Philadelphia mayor blasts bill to decriminalize marijuana

Philadelphia Mayor Michael Nutter AP / Matt Rourke

Philadelphia Mayor Michael Nutter says the city has more important issue to tackle than decriminalizing marijuana, and he criticized the City Council for bringing the issue to the forefront.

"People in this city ... come up to me all the time asking about jobs, asking about housing, or asking about their children's education, or can we provide more services," Nutter said Monday.

"No one has come up to me asking, 'Can you make it easier for me to stand on a street corner in front of some grandma's house and smoke my joint?' So let's be realistic here," he said.

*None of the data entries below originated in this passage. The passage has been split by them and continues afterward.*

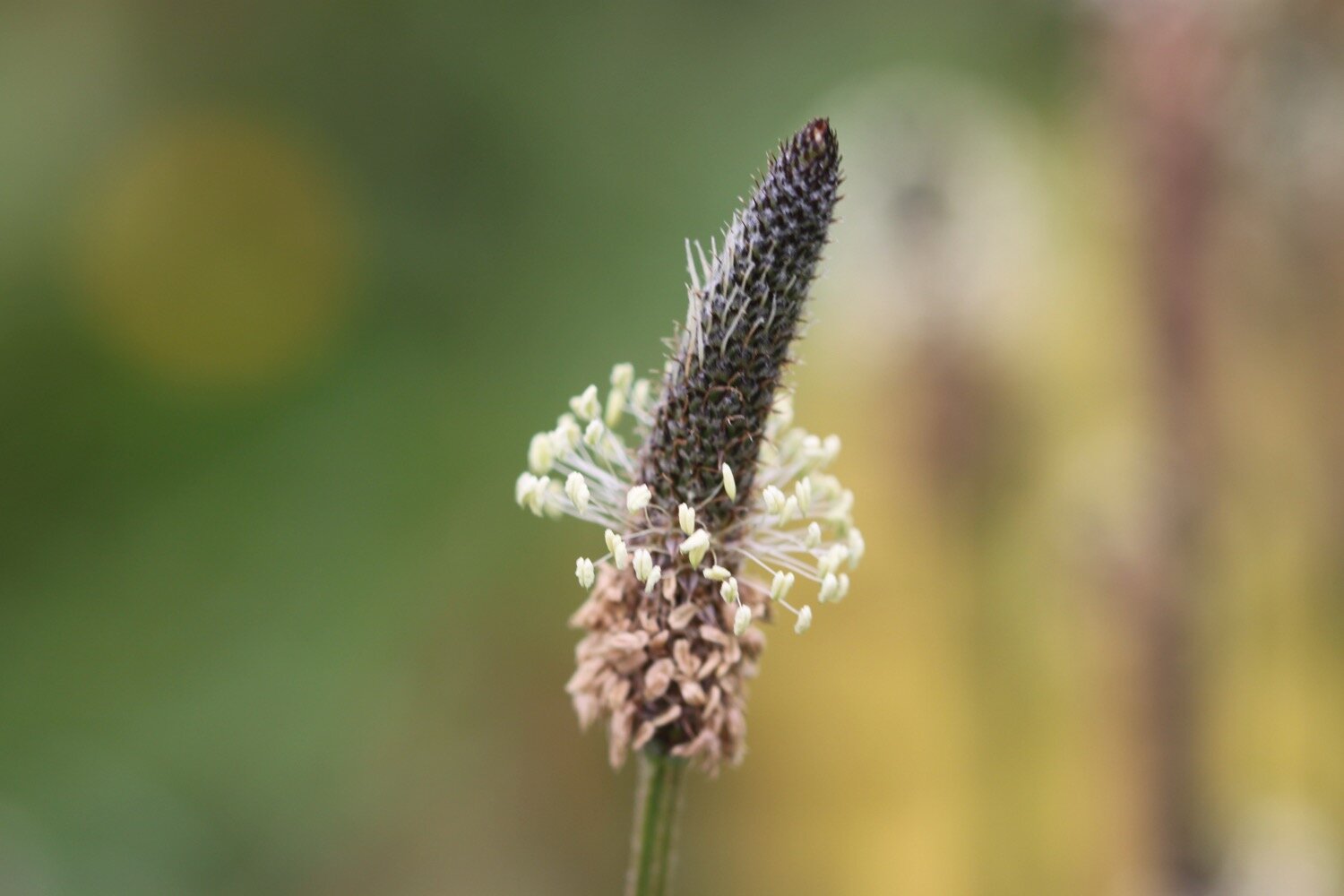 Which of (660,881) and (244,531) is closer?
(660,881)

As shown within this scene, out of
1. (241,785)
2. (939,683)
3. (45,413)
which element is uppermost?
(45,413)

CBS Philadelphia says Nutter lashed out at the City Council for approving marijuana decriminalization in June. Nutter has until Sept. 11 to either approve the measure or veto it.

City Councilman Jim Kenney, the author of the bill, who is also being looked at as a possible mayoral candidate, has called on Nutter to sign the bill in order to give police a break from the time and cost of arrests for marijuana during the summer.

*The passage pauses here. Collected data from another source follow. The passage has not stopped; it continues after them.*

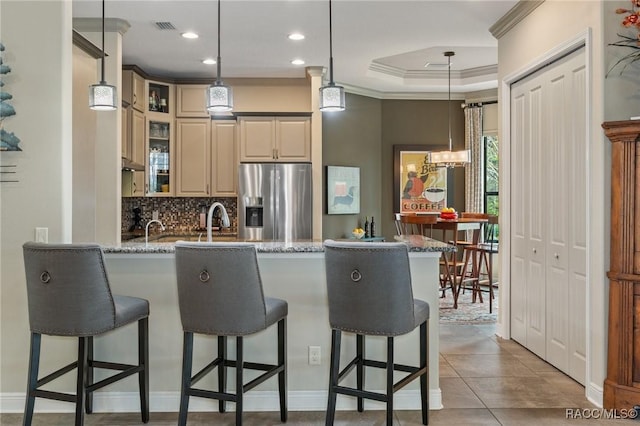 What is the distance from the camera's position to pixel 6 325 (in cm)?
317

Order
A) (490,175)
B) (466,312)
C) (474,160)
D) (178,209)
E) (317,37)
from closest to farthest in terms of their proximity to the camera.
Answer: (317,37), (466,312), (178,209), (474,160), (490,175)

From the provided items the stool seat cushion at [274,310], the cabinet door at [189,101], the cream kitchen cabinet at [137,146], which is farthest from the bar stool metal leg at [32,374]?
the cabinet door at [189,101]

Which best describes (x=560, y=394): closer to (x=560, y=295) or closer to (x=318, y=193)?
(x=560, y=295)

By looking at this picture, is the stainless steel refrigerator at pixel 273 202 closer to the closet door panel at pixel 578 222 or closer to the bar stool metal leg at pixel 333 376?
the closet door panel at pixel 578 222

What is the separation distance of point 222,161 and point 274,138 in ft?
2.47

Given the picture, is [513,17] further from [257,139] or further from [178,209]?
[178,209]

Kenney believes the new marijuana policy could save the police department and the courts $4 million per year. The measure makes possession of about an ounce of pot punishable by only a $25 fine, with the matter never entering the court system.

But Nutter says that even if he signs the measure, implementation would still be delayed.

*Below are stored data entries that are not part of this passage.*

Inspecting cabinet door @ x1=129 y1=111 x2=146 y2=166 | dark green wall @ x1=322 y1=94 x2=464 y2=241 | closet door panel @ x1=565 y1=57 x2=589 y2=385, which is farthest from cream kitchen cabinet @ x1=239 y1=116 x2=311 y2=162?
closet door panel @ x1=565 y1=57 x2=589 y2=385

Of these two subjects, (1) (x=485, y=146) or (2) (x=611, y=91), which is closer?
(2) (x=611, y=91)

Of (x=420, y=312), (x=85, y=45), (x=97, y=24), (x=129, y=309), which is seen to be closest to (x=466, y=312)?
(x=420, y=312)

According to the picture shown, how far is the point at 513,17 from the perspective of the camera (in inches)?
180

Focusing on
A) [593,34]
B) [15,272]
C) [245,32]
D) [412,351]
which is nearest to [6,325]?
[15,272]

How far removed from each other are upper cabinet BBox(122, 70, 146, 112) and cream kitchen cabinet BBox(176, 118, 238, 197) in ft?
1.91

"The bill says, 'This ordinance shall go into effect in three months.' If I had signed it on June 19, it would not have been in effect until September 19, meaning that the entire process that we currently use would still be in effect this summer. And the councilman knows that," he said.

Nutter also rejected claims that marijuana arrests unfairly target black men, calling it "bogus."

"It is an insult to the African-American community that all of this discussion and debate is revolving around whether or not black guys can smoke as much joint or weed as white guys," said the mayor, who is black.

"Black people are fighting for the same things that white folks want. They want safe neighborhoods, they want a job, they want their kids to get a great education," he said. "They want to be able to buy a house and have a quality of life and not have six knuckleheads outside their house smoking, having a good time, and destroying the quality of life in those neighborhoods."